[[ RAW DATA open ]]
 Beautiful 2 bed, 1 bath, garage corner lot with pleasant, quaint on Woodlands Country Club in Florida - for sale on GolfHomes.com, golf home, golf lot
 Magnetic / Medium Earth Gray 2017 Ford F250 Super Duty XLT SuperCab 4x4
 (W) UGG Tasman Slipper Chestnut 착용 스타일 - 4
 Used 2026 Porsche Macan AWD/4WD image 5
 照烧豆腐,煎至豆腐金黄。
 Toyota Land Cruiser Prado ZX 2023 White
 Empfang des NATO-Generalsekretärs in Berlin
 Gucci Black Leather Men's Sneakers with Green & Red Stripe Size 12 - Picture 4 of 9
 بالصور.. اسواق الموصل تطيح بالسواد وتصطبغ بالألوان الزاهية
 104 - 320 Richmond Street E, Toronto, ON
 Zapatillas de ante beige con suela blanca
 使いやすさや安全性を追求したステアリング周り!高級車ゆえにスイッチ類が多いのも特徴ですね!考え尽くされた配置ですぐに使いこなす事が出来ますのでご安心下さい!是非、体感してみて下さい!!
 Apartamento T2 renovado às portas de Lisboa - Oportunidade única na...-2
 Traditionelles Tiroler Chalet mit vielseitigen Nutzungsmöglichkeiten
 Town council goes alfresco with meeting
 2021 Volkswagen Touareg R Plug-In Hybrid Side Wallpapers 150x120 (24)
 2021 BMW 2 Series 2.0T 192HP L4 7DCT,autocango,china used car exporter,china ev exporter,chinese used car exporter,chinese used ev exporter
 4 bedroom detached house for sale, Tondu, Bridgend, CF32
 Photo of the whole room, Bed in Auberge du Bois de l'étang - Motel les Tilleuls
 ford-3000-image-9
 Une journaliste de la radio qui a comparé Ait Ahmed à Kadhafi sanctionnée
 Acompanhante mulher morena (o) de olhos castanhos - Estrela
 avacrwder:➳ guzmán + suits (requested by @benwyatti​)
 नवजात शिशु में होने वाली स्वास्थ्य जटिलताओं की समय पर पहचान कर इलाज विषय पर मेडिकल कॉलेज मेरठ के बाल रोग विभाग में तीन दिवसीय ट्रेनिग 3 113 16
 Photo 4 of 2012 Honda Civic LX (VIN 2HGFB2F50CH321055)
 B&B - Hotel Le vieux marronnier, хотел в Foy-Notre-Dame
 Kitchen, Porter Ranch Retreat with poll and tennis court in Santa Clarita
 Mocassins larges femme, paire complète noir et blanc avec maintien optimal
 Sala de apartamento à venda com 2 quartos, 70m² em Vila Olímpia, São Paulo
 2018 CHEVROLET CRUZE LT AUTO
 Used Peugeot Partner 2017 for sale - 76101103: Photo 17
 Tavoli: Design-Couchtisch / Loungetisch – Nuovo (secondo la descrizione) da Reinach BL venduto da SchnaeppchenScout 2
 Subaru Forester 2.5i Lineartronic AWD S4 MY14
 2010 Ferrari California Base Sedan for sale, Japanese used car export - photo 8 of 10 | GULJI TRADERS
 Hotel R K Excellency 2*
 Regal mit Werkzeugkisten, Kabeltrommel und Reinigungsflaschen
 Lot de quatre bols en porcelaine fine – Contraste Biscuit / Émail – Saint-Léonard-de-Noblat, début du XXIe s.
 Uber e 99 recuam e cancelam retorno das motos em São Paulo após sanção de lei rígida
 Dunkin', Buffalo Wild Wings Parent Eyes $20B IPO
[[ RAW DATA closed ]]
- EXERCISE PROMPT
Go through the entries above and copy every line containing "Hotel".

- ANSWER BOX
 B&B - Hotel Le vieux marronnier, хотел в Foy-Notre-Dame
 Hotel R K Excellency 2*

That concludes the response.